Minor gaffes dooming progs but not donor-supported candidates is kind of my point.

@cascheranno @lauren @PedestrianError @mastodonmigration
I remember Edwards. He sank his own campaign with some really nasty fallout from a extramarital affair.
@Barbramon1 @cascheranno @lauren @mastodonmigration And politically speaking I'm not sure what you'd call Edwards other than centrist. His platform in 2004 was slightly to the right of Kerry in many ways and he was a pretty classic Southern Democrat (of the turn of the 21st century era, not the openly segregationist era, but still.) His wife who he infamously cheated on while she was dying of cancer was a lot more progressive than he was, but she wasn't the one running for president.
@PedestrianError @cascheranno @lauren @mastodonmigration
Edwards was nominated for VP to balance the ticket. A New England blue blood, Kerry, who was related to the Forbes family, needed a
middle of the road southerner as a sop to Southern voters, or so the story goes.
His presidential ambitions probably never stood a much of a chance. His affair ended his political career.

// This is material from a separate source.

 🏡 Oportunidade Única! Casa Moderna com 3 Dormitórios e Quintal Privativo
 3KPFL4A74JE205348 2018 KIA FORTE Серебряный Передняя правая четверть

@Barbramon1 @PedestrianError @lauren @mastodonmigration uh… Two Americas stump speeches during his 2004 primary (that stayed in use as it became a vp run), and 2008 *presidential* run were kind of omitted.

And tell me again how adultery mattered more for him than the affairs of Clinton, Kennedy, cheetolini, Bush pere, Johnson, Ford, Kerry, McCain, … weird how fussing about poverty more than donor wishlists made his scandal worse than all those.

@[email protected] @PedestrianError @lauren @mastodonmigration
And tell me again why some of us see shadowy, nefarious plots around every corner. Have a great day. 🌞
@Barbramon1 @PedestrianError @lauren @mastodonmigration it’s not shadowy or nefarious. Money dominates politics. Fuck with the wealthy; get pilloried for stupid shit.
@Barbramon1 @PedestrianError @lauren @mastodonmigration that’s ignoring 2 Americas. Revisionism is commonly done when the powerful want to avoid a topic.

@Barbramon1 @lauren @PedestrianError @mastodonmigration

D’you hear yourself saying an affair sunk him? But not all the other presidents and candidates who didn’t barnstorm with a ‘two America’s’ stump speech that was hot as hell, politically? From 2004, so you needn’t take me at my word:

https://www.sfgate.com/politics/article/Edwards-struck-a-chord-with-2-Americas-speech-2823834.php

Client Challenge

@cascheranno @lauren @mastodonmigration The wildest thing is that Dean actually was/is a centrist. So much so that Vermont has a third party (Progressive) that's viable in local elections to this day that arose to combat his centrist policies as governor. He really only deviated from mainstream Dems on the Iraq war & Bush's erosion of civil liberties and corporate Dems were scared because he signed Vermont's civil union bill only after the state supreme court forced his hand.
@PedestrianError @lauren @mastodonmigration nope. I’d position Dean rightward of Bernie but by microns. I got to know them when they were local and state level names in the ‘90s. And his 50-state strategy was more flyover-state progressivism than we’d seen since Truman.